ACTION ITEM: After locating the line that holds "Mapa de Melwood Drive", copy that line and all that follow it word for word through the end of the data, with no pictures.

STORED DATA:
━━━━━━━━━━━━━━━━━━━━

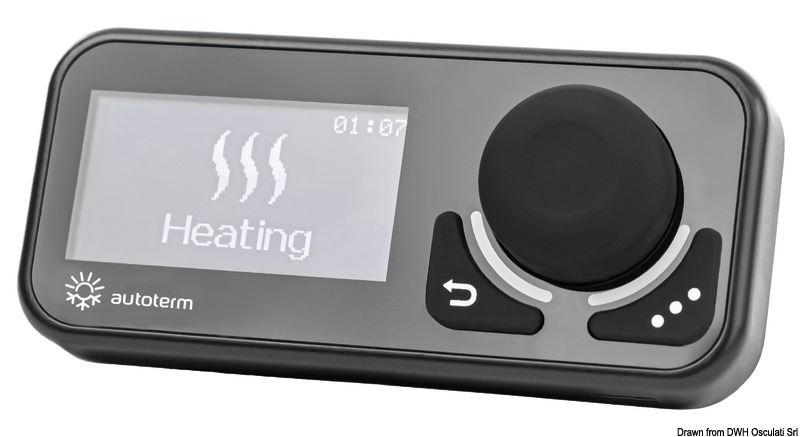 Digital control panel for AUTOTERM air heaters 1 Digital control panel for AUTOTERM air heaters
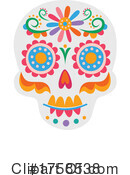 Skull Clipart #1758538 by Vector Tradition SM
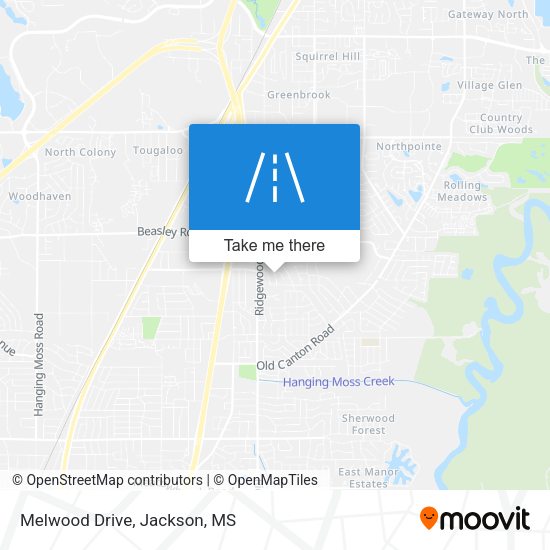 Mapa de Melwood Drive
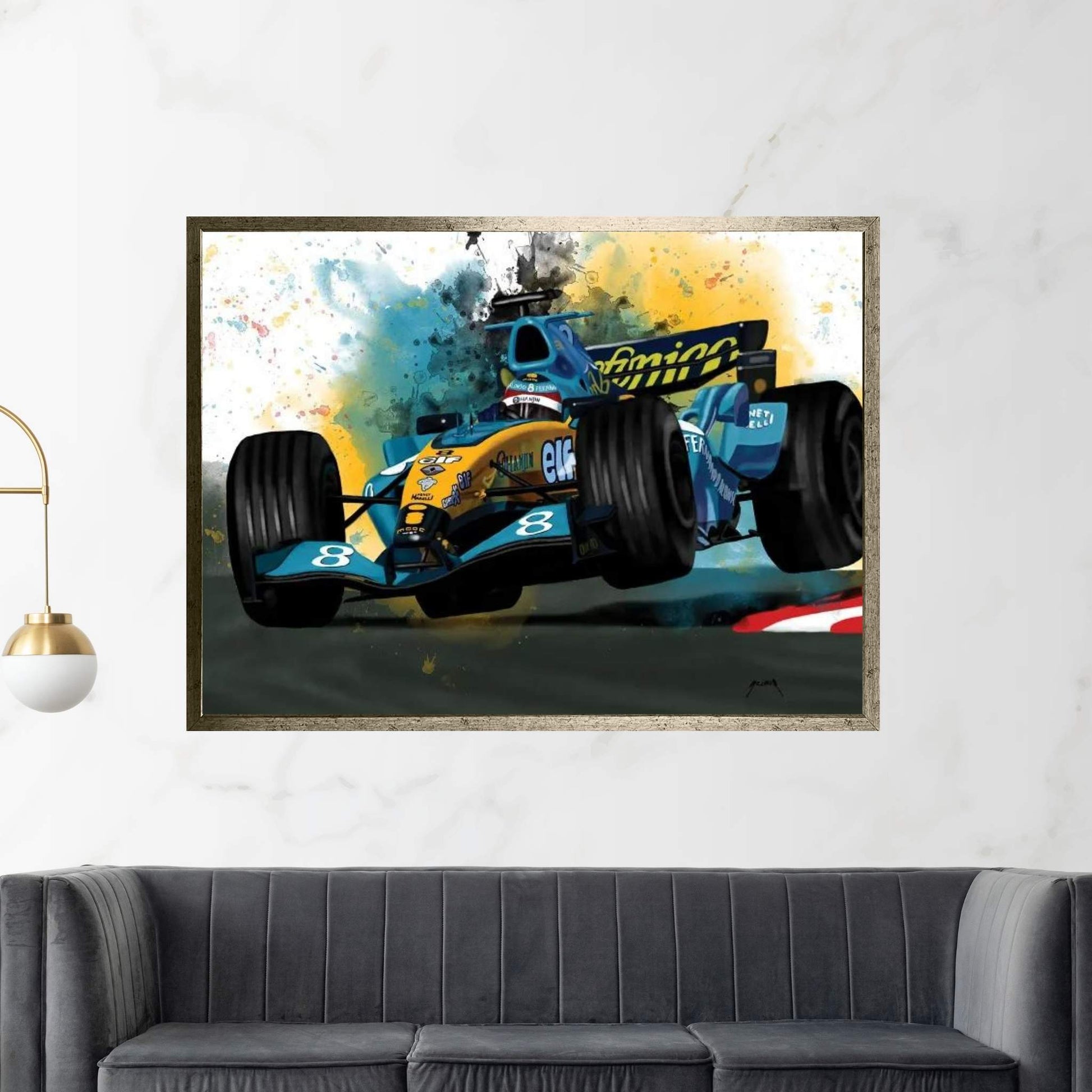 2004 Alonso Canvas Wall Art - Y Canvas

━━━━━━━━━━━━━━━━━━━━

ANSWER FOR THIS EXERCISE:
 Mapa de Melwood Drive
 2004 Alonso Canvas Wall Art - Y Canvas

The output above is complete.